■ Dataset content:
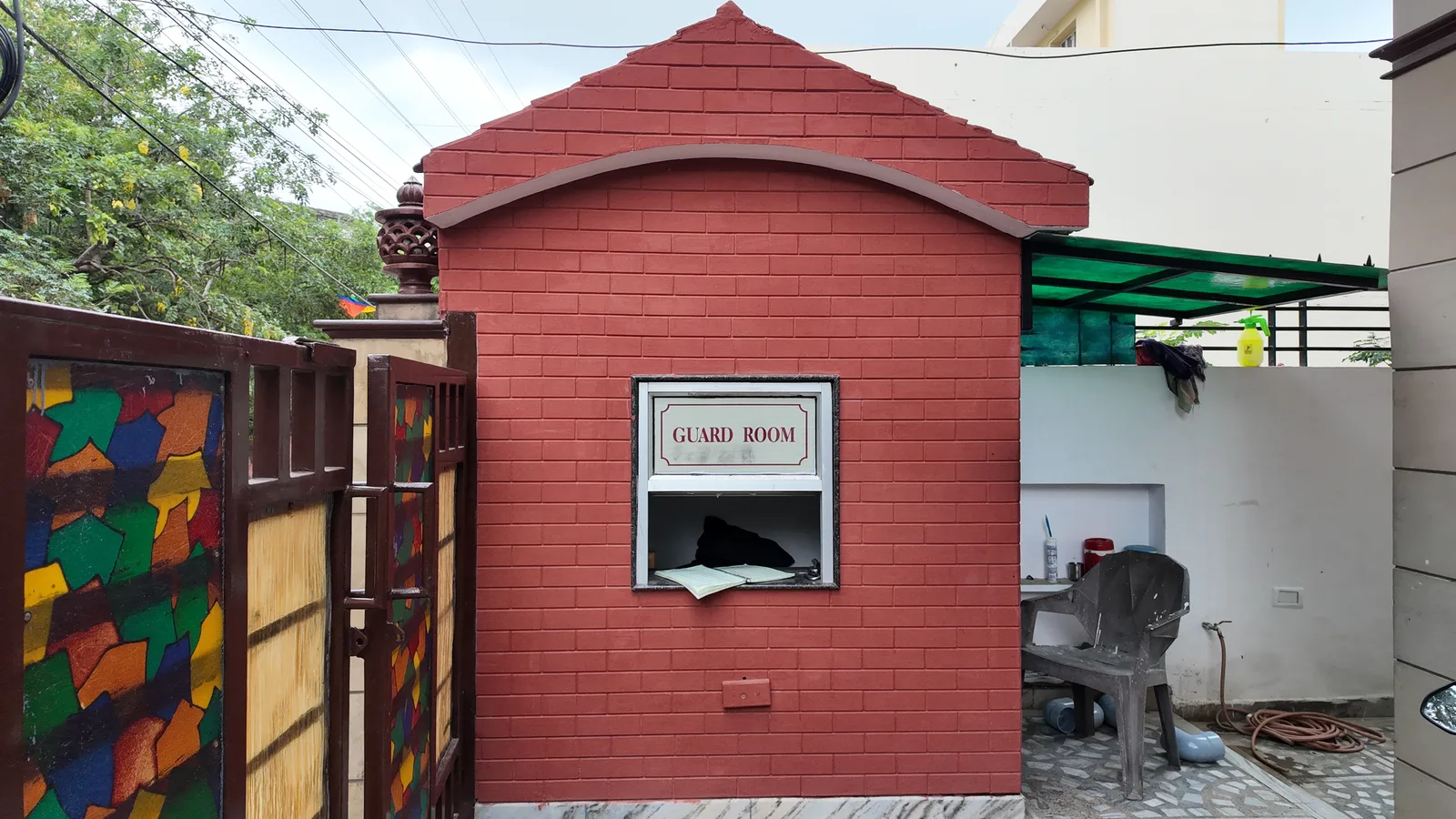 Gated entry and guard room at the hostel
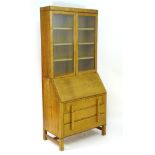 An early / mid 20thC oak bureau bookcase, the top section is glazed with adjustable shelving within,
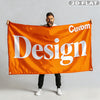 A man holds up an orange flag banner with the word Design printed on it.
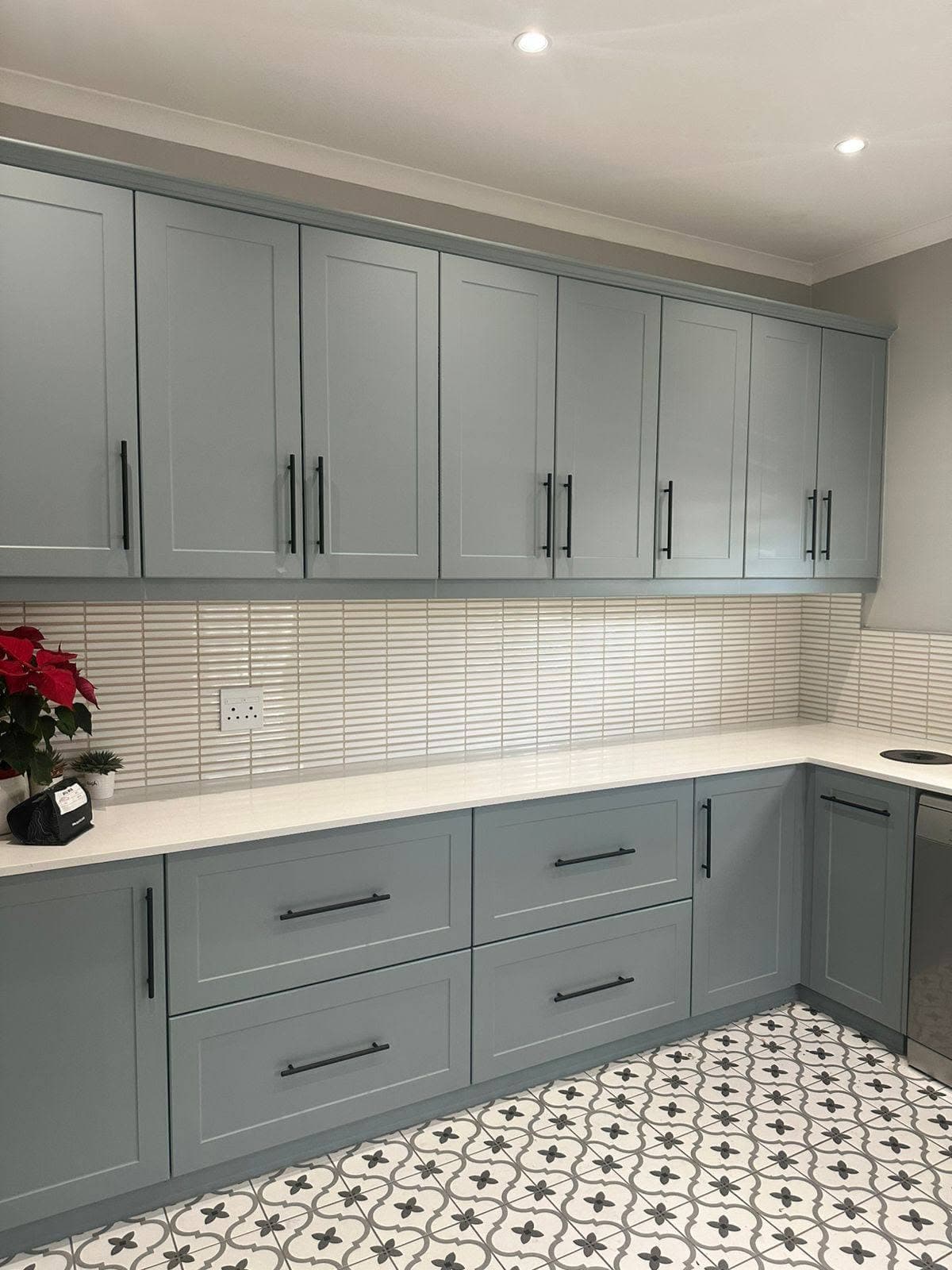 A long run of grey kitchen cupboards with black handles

■ What the task asks: Every line above is to be returned exactly, with its pictures removed.

■ The answer:
 Gated entry and guard room at the hostel
 An early / mid 20thC oak bureau bookcase, the top section is glazed with adjustable shelving within,
 A man holds up an orange flag banner with the word Design printed on it.
 A long run of grey kitchen cupboards with black handles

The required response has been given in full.